* **Instructions to follow**
Give the lines again exactly as they appear below, from the line with "Urban Greens Co" to the line with "Photograph Arches National Park", both included, and only those lines. Leave every picture out.
Top of Available data
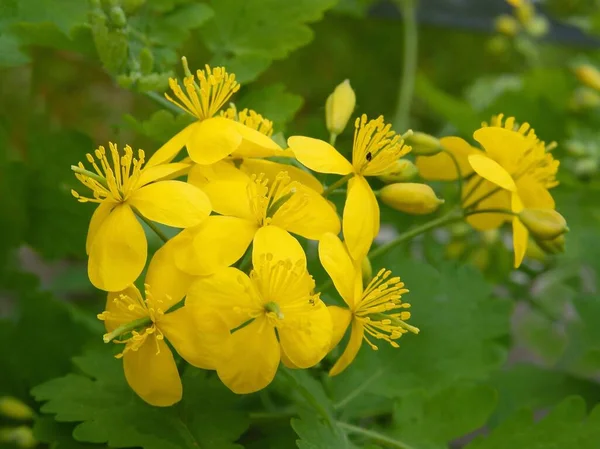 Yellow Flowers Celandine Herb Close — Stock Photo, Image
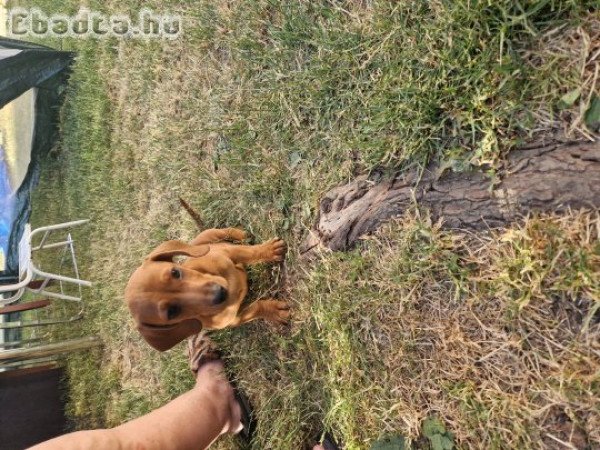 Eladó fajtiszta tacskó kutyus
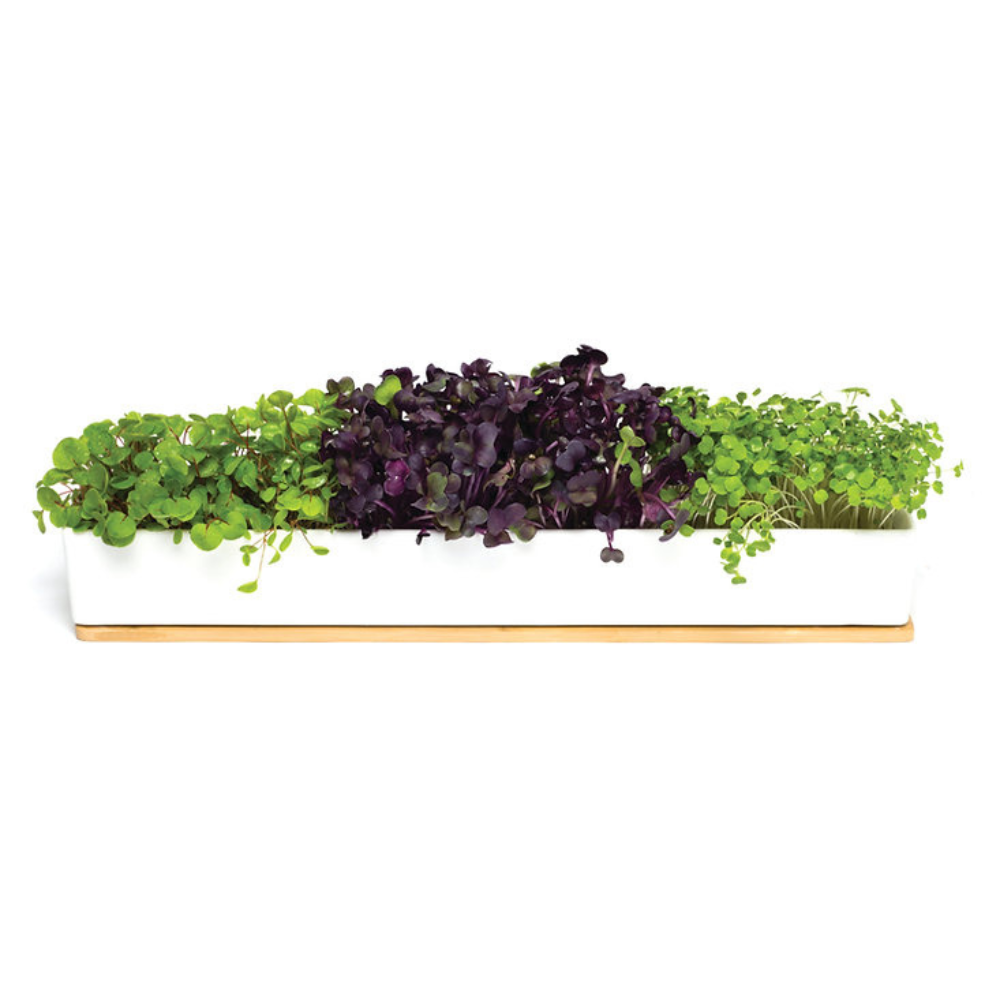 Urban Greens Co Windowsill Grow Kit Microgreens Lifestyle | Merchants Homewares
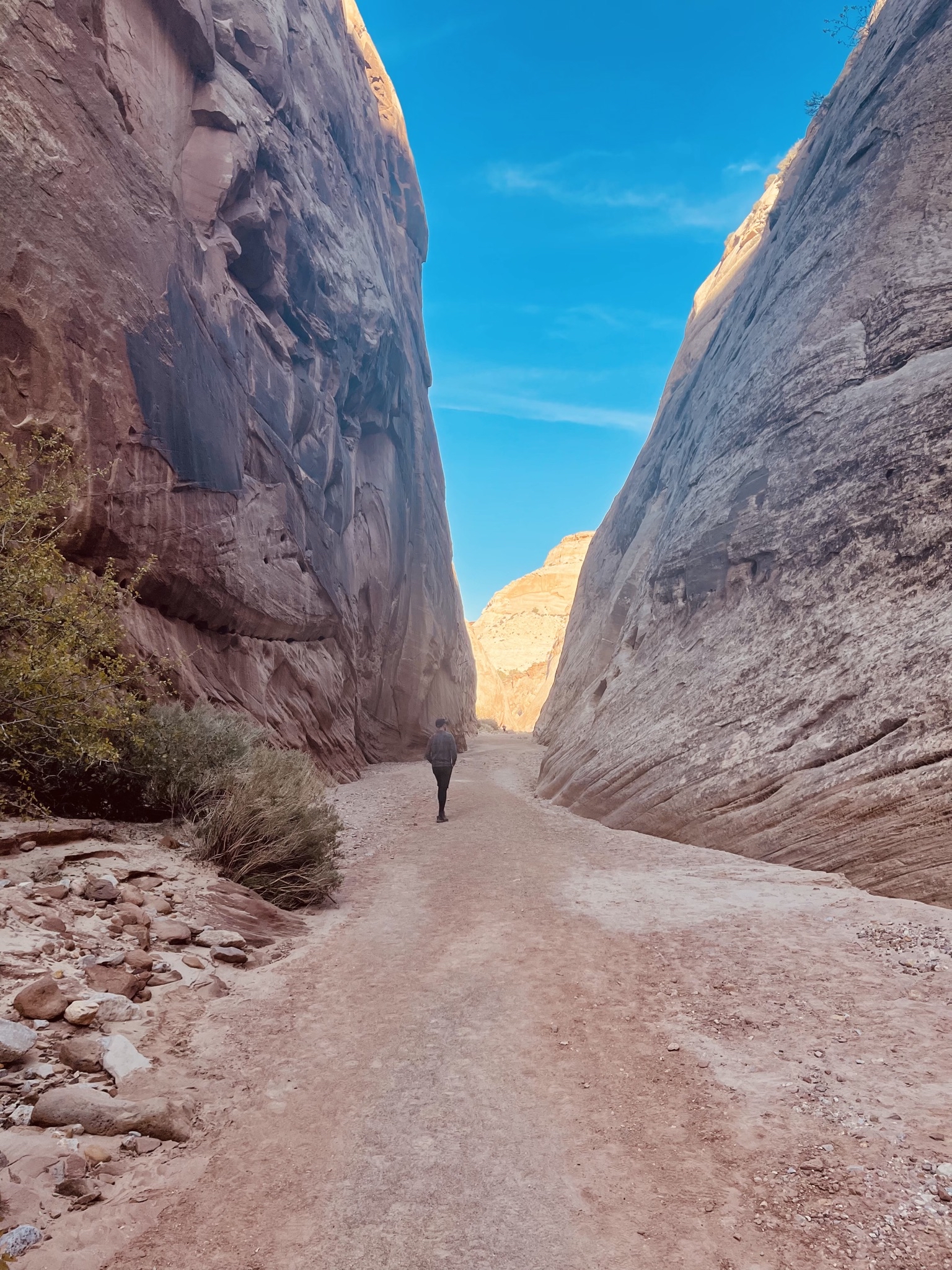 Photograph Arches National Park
Bottom of Available data
Top of Available data
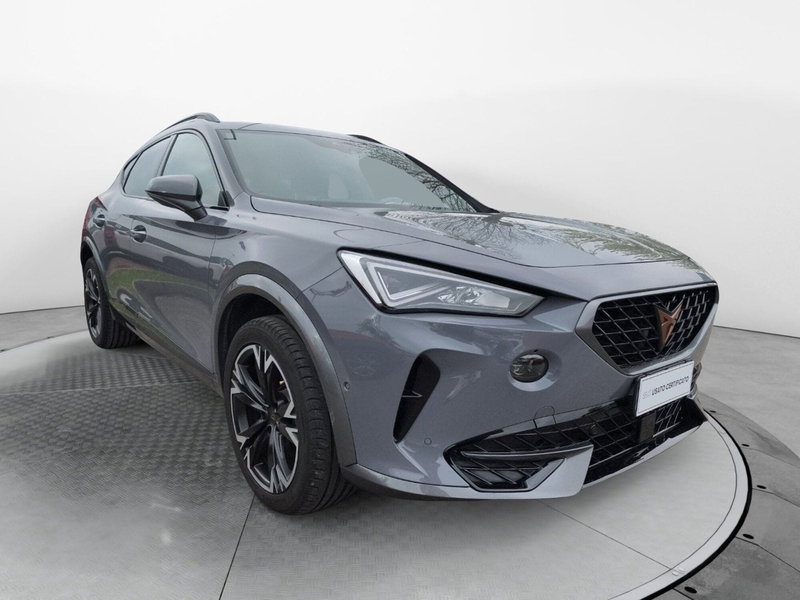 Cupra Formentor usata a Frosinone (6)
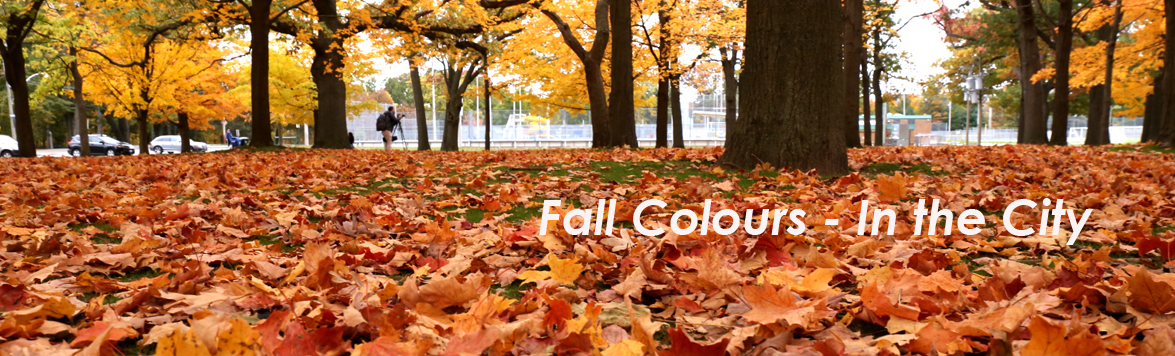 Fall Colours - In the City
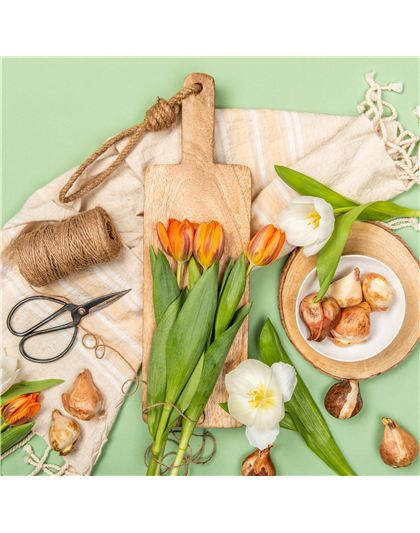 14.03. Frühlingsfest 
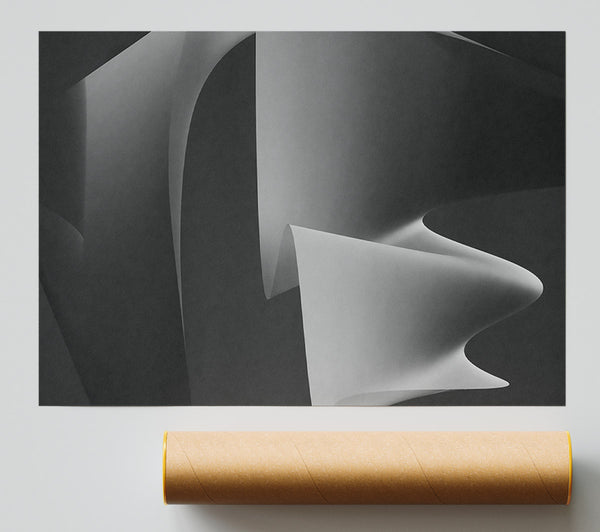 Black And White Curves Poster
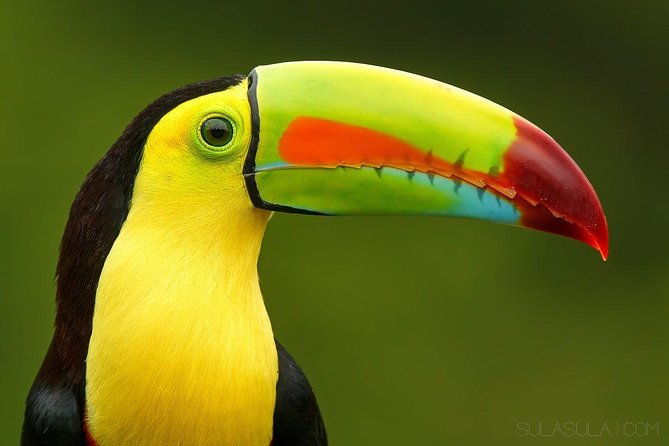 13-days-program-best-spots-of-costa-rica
Bottom of Available data
* **Response to the task**
 Urban Greens Co Windowsill Grow Kit Microgreens Lifestyle | Merchants Homewares
 Photograph Arches National Park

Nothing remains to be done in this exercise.